Stabilized Lattice Boltzmann-Enskog method for compressible flows and its application to one and two-component fluids in nanochannels

TL;DR

This paper introduces a stable numerical method for solving the Boltzmann-Enskog equation for non-ideal fluids, effectively reducing errors and enabling detailed simulations of compressible flows in nanochannels.

Contribution

The paper presents a novel stabilized lattice Boltzmann-Enskog method incorporating a Lagrangian scheme and improved time integration to accurately simulate compressible, inhomogeneous fluid flows.

Findings

Significantly reduces numerical errors in single-component fluid simulations.

Successfully models two-component fluid flow in complex nanochannel geometries.

Demonstrates improved stability and accuracy over previous methods.

Abstract

A numerically stable method to solve the discretized Boltzmann-Enskog equation describing the behavior of non ideal fluids under inhomogeneous conditions is presented.

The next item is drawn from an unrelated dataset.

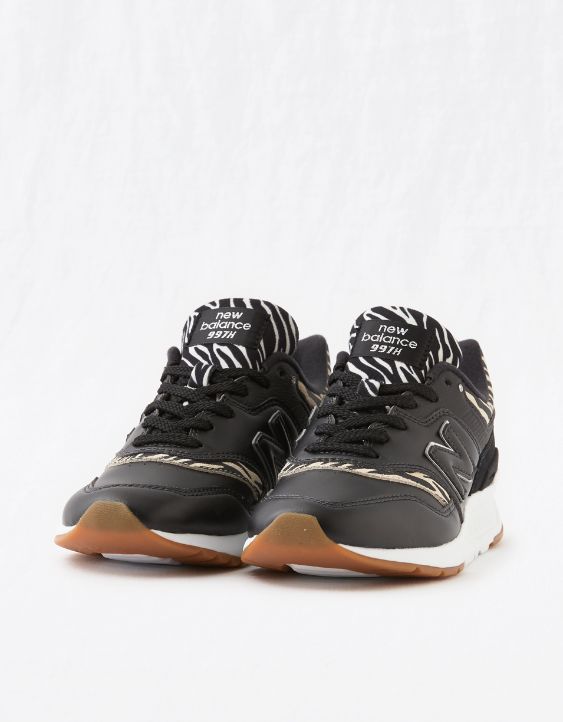 New Balance 997H Women's Sneaker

The algorithm employed uses a Lagrangian finite-difference scheme for the treatment of the convective term and a forcing term to account for the molecular repulsion together with a Bhatnagar-Gross-Krook relaxation term. In order to eliminate the spurious currents induced by the numerical discretization procedure, we use a trapezoidal rule for the time integration together with a version of the two-distribution method of He et al. (J. Comp. Phys 152, 642 (1999)). Numerical tests show that, in the case of one component fluid in the presence of a spherical potential well, the proposed method reduces the numerical error by several orders of magnitude. We conduct another test by considering the flow of a two component fluid in a channel with a bottleneck and provide information about the density and velocity field in this structured geometry.